All lines from the one with "Эксклюзивное платье свободного" onward, through the last line of the records below, are to be retyped word for word.

### Records from a data collection:
⁂
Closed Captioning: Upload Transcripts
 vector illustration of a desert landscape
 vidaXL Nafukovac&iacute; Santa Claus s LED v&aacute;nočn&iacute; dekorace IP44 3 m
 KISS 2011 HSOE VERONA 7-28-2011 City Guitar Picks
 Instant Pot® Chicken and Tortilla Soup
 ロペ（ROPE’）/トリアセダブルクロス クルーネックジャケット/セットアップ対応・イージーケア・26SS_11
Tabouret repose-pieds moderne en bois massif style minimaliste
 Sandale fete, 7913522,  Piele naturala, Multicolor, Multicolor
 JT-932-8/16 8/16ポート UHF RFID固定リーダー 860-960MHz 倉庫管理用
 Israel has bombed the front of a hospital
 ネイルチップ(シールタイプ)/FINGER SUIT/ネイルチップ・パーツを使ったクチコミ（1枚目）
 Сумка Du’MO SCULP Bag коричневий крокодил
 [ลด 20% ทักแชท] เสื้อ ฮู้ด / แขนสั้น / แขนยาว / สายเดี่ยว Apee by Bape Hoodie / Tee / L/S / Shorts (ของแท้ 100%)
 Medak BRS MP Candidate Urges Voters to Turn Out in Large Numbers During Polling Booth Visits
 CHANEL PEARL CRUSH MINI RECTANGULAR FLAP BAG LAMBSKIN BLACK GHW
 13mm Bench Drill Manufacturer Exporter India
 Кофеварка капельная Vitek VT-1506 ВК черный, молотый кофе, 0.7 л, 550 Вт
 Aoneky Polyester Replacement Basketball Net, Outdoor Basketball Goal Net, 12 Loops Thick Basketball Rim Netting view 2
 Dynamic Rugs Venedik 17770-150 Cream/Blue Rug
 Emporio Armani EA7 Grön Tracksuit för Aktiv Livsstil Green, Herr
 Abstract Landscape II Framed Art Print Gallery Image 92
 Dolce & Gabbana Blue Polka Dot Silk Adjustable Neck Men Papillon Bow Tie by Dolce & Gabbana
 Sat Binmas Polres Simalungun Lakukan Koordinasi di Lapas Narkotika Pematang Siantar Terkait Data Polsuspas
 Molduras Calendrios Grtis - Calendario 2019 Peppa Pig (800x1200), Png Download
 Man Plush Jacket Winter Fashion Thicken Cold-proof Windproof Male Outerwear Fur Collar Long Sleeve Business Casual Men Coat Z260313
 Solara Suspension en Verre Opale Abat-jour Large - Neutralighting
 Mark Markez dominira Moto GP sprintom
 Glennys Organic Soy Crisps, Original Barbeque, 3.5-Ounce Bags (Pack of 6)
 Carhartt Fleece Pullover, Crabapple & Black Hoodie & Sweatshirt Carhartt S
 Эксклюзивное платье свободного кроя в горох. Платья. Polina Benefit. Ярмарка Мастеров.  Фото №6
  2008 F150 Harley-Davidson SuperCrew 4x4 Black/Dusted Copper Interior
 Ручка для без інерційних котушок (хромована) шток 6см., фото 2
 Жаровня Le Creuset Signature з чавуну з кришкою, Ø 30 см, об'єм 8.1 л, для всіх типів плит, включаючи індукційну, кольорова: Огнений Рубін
⁂
### THE COMPLETED TASK:
 Эксклюзивное платье свободного кроя в горох. Платья. Polina Benefit. Ярмарка Мастеров.  Фото №6
  2008 F150 Harley-Davidson SuperCrew 4x4 Black/Dusted Copper Interior
 Ручка для без інерційних котушок (хромована) шток 6см., фото 2
 Жаровня Le Creuset Signature з чавуну з кришкою, Ø 30 см, об'єм 8.1 л, для всіх типів плит, включаючи індукційну, кольорова: Огнений Рубін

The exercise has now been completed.